A proposal to extend and modify the issuance of bison hunting licenses to people on Montana's Indian reservations and the Little Shell Tribe was strongly supported by tribal legislators during the first hearing of House Bill 108 on Thursday.
The bill would extend a law on the books since 2005, which was originally supposed to sunset in 2015, and ensure the tags are over and above the 80 issued to state applicants annually. Under the bill that was heard by the House Fish, Wildlife and Parks Committee, two tags would be provided to each of Montana’s seven reservations, as well as to the Little Shell Tribe, each year.
“We would like to see it increased to five,” said Rep. Rae Peppers, D-Lame Deer. “We feel like the buffalo are part of our tradition and what we do with them is important.”
That was echoed by two other American Indian legislators who testified in support of the bill. No one spoke in opposition to the measure.
Sen. Lea Whitford, D-Cut Bank, also said the number should be increased. “Bison are an important cultural component of who we are,” she said.
The state already allows four tribes with treaty rights to hunt bison that migrate out of Yellowstone National Park, only one of which is a Montana tribe — the Confederated Salish and Kootenai. Those treaty tribes regulate their own hunters. Montana Fish, Wildlife and Parks also issues 80 tags annually through a drawing to other hunters who apply.

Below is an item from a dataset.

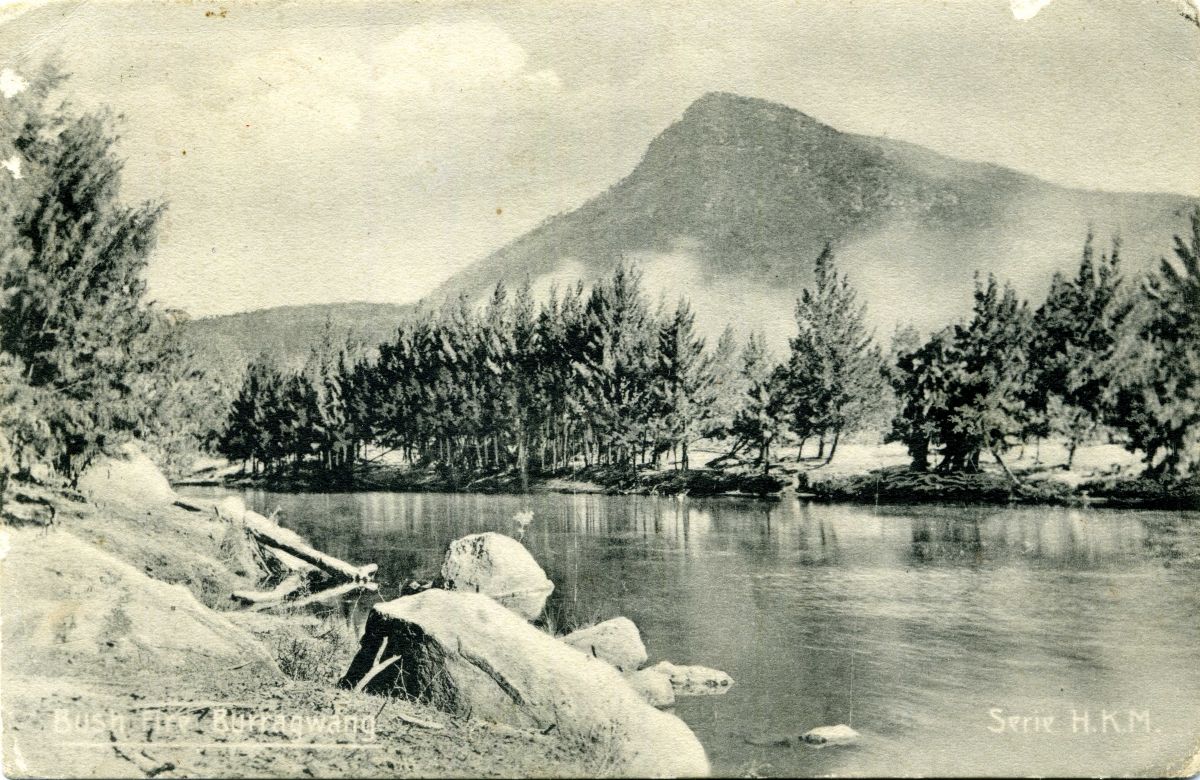 Bush Fire Burrawang, 1911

Increasing the number of tags given to the eight tribes beyond two could make the small region where bison are hunted outside of Yellowstone in Montana even more crowded, warned Mike Volesky, FWP’s chief of staff.
“The treaty hunt is really getting to capacity,” he said, which at times has resulted in the harvest of up to 400 bison.
Adding more hunters to the area could be a safety concern as well as exceed local residents’ tolerance of bison hunters, Volesky noted.
“We are a little bit loath to add more,” he said.
Rep. Kerry White, R-Bozeman, asked Volesky if FWP had pursued a motion by the Environmental Quality Council to allow tribal bison hunting inside Yellowstone National Park. Volesky said FWP has no jurisdiction inside the park.
Another bill before the committee, HB 69, would extend the paddlefish caviar agreement with the city of Glendive to June of 2020. Under the agreement, a contractor removes the eggs from paddlefish caught on the Yellowstone River and sells them for up to $300 a pound. Seventy percent of the money made from the sale goes to a Glendive grant program, the rest to FWP for research of the fish.
Glendive resident Bob Gilbert said renewing the agreement for only two years isn’t fair to the contractor. FWP wants the term short because of concern about dwindling numbers of paddlefish and the possibility that a fish bypass channel may be constructed at Intake Dam, allowing the fish to move beyond the structure. Right now the dam acts as a blockade to paddlefish, which migrate upstream in the spring to spawn, allowing anglers to snag the fish.
Eileen Ryce, Fisheries Division administrator for FWP, told the committee there has been limited recruitment of young paddlefish into the population since 1999. “If this trend continues we will have to consider less harvest,” she said. Last year the harvest was 1,000 fish.
The third bill before the committee would get rid of the archaic name “civet cat” used to refer to skunks, and remove spotted skunks from designation as predators. HB 98, sponsored by Rep. Janet Ellis, D-Helena, is meant to ensure that if the spotted skunk is ever considered for endangered species listing Montana wouldn’t get caught in any fray.
“We’re really just trying to take away an argument for federal listing,” said Ken McDonald, FWP’s Wildlife Division administrator. “The Eastern spotted skunk is being considered for listing.”
Striped skunks are the more common critter most Montanans are familiar with. There have been only 22 documented sightings of spotted skunks in the state, mostly in southwestern Montana.